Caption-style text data
◇ ◇ ◇ ◇ ◇ ◇ ◇
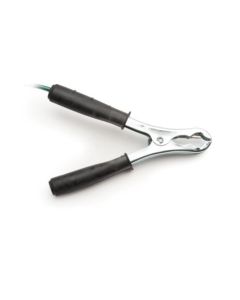 Pipe Clamp K-Type Thermocouple Probe - HI766TV1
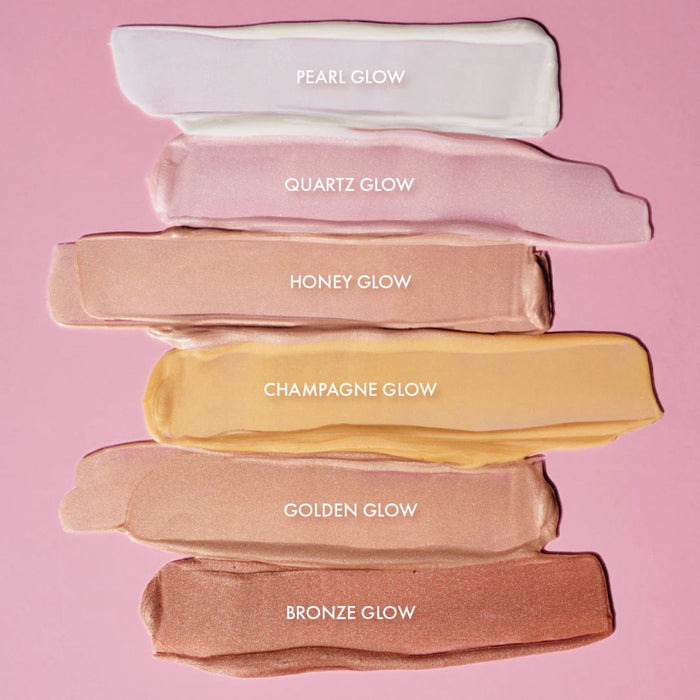 Bellamianta Glow Base- Honey Glow
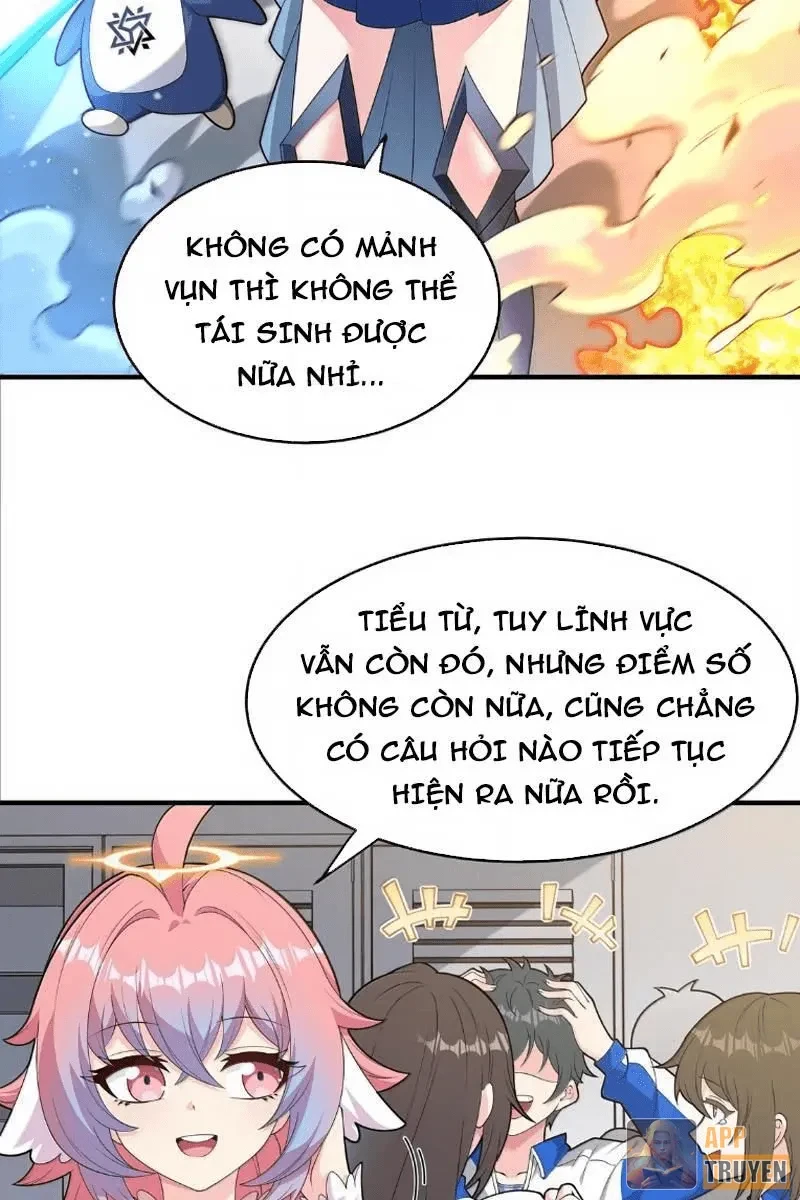 Tránh ra, để ta làm thiếu nữ ma pháp! Chapter 42 - 39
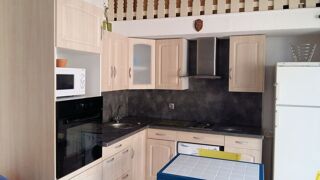 Location  Appartement 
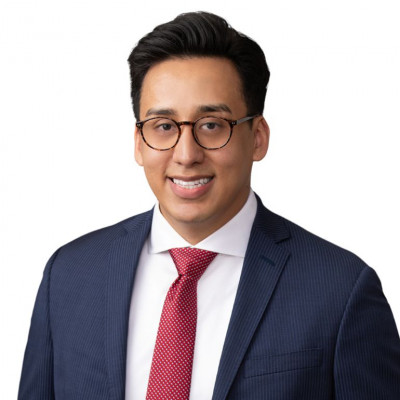 Photo of Gio Perez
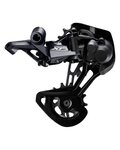 SHIMANO mjenjač - XT M8100 LONG - crna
◇ ◇ ◇ ◇ ◇ ◇ ◇
• [Problem to work on]
Take the line that contains "Photo of Gio Perez" and every line after it to the end of the records above; quote them exactly, leaving out the pictures.

• [Answer to the problem]
 Photo of Gio Perez
 SHIMANO mjenjač - XT M8100 LONG - crna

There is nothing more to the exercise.